● **Data to process**
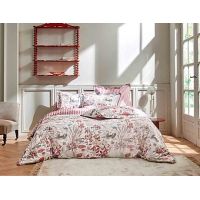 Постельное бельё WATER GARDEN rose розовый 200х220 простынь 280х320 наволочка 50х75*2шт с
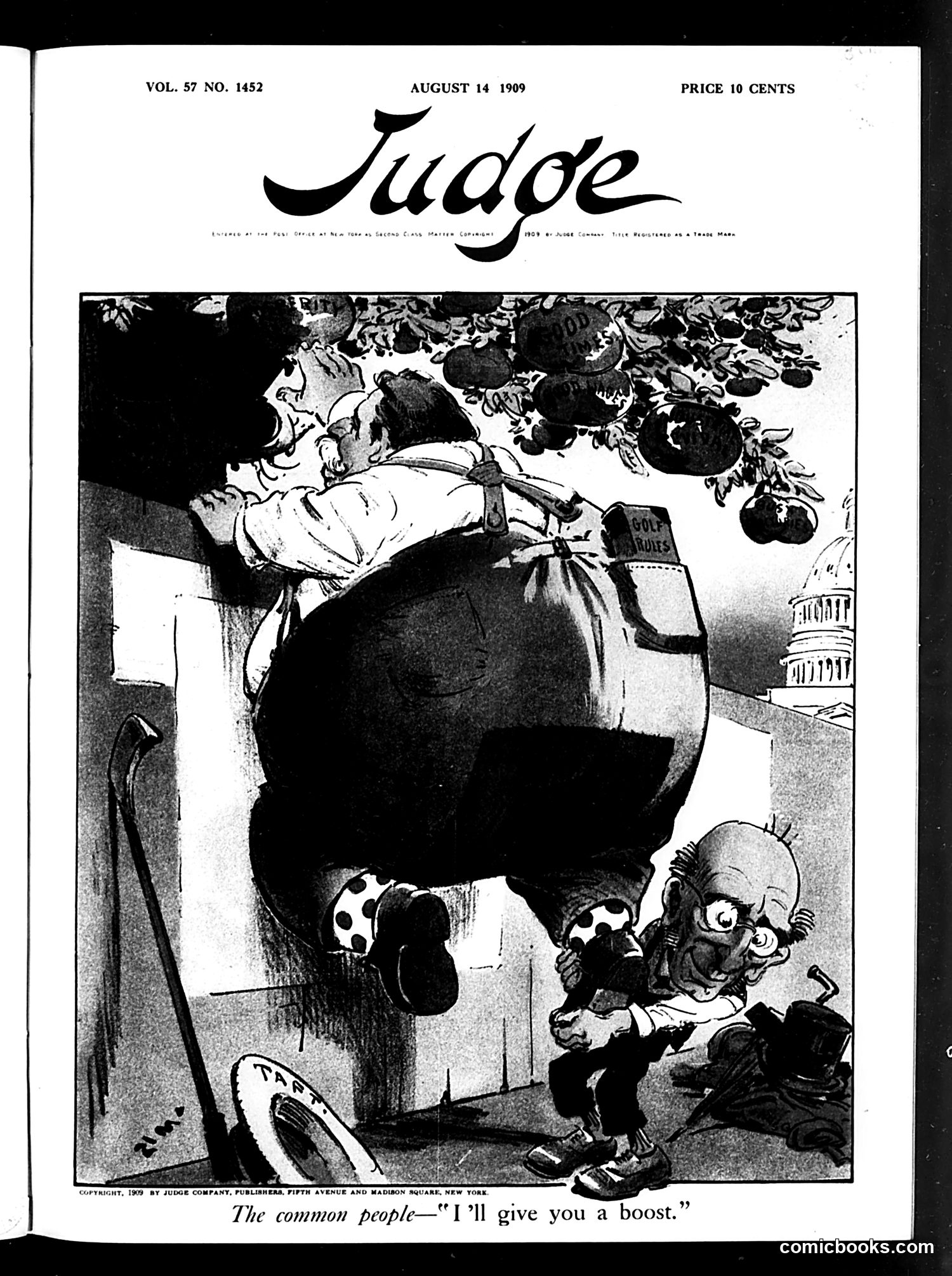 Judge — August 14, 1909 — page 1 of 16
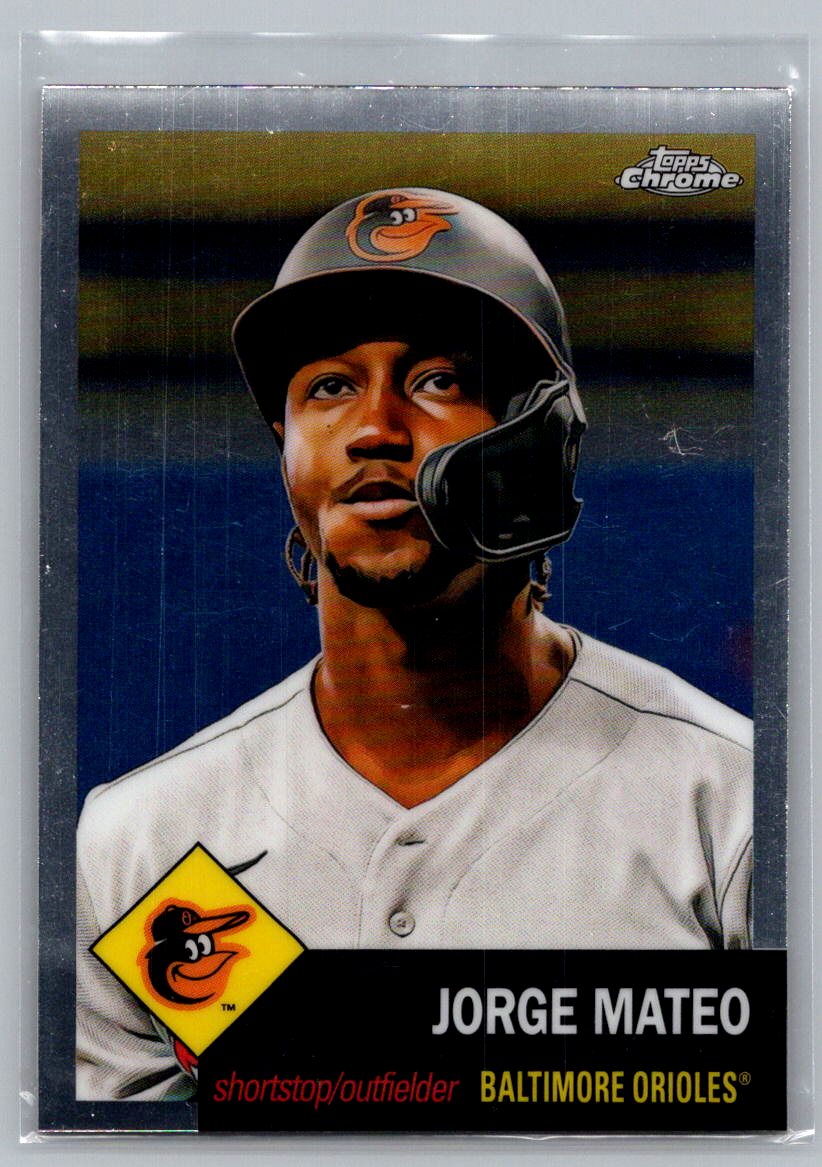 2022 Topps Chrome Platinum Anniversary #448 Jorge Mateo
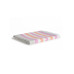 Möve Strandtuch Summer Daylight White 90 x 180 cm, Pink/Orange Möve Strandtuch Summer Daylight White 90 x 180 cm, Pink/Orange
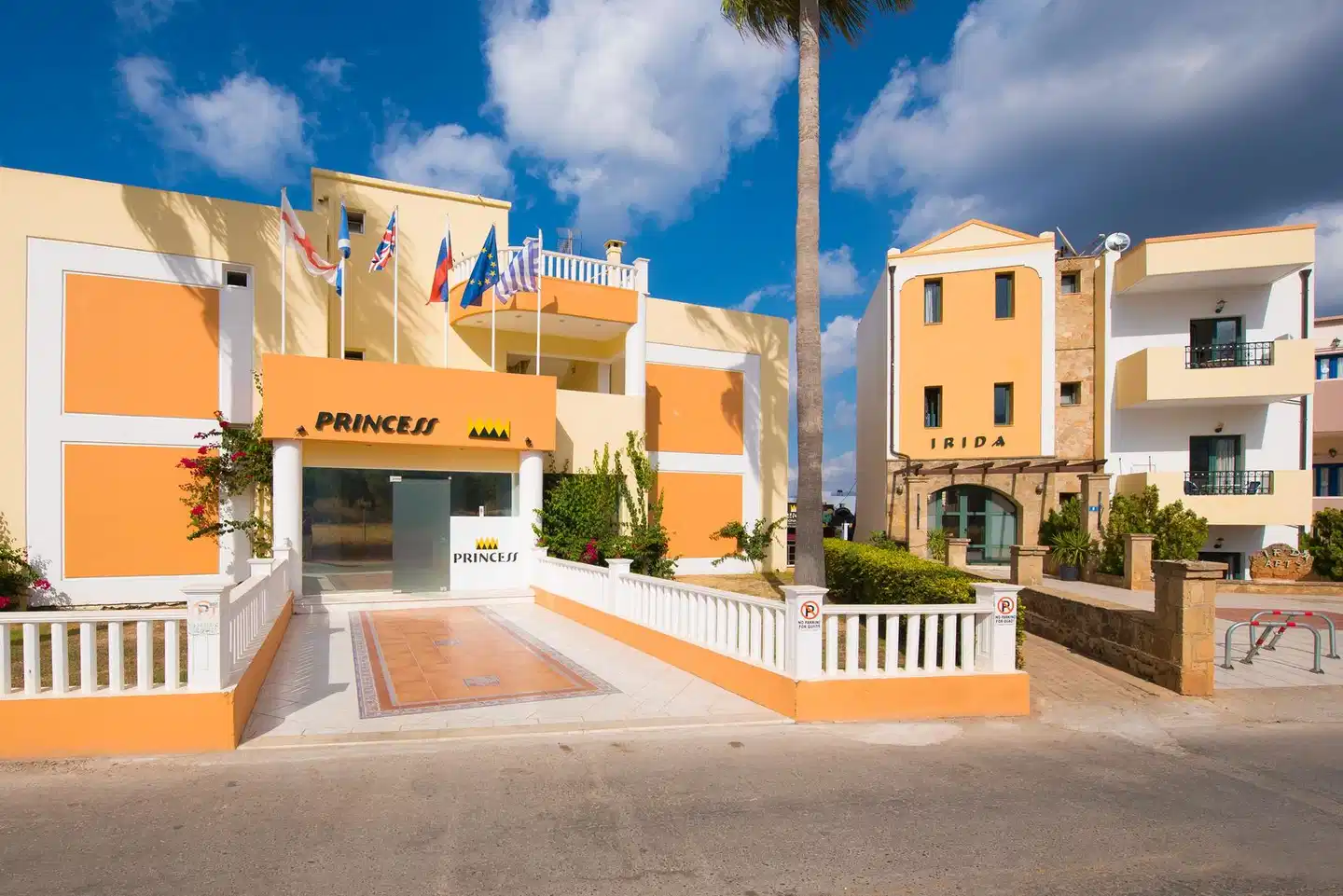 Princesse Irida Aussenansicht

---

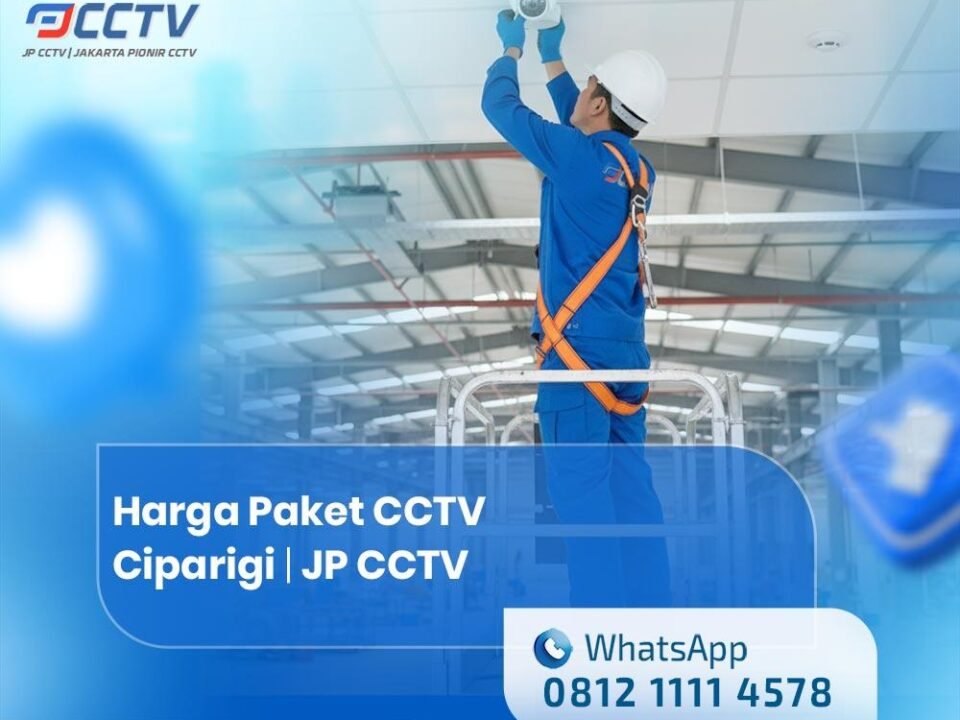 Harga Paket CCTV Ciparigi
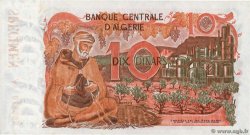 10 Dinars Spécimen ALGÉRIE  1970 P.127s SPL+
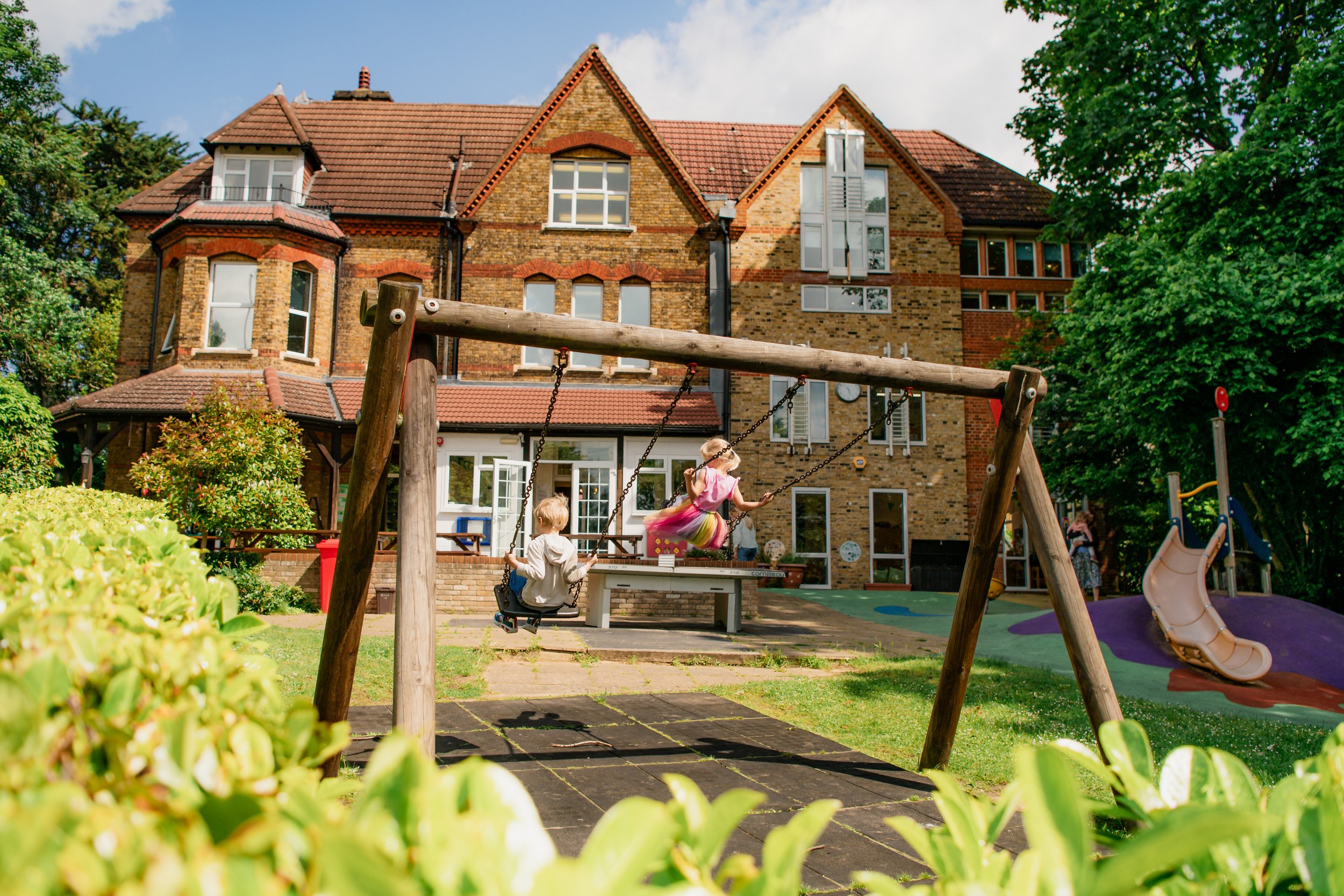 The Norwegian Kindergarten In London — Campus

● **Instructions for the task**
Each line above that falls between the line with "cm, Pink/Orange Möve" and the line with "Princesse Irida Aussenansicht" should be printed exactly, together with those two lines, but the pictures should not.

● **Response area**
 Möve Strandtuch Summer Daylight White 90 x 180 cm, Pink/Orange Möve Strandtuch Summer Daylight White 90 x 180 cm, Pink/Orange
 Princesse Irida Aussenansicht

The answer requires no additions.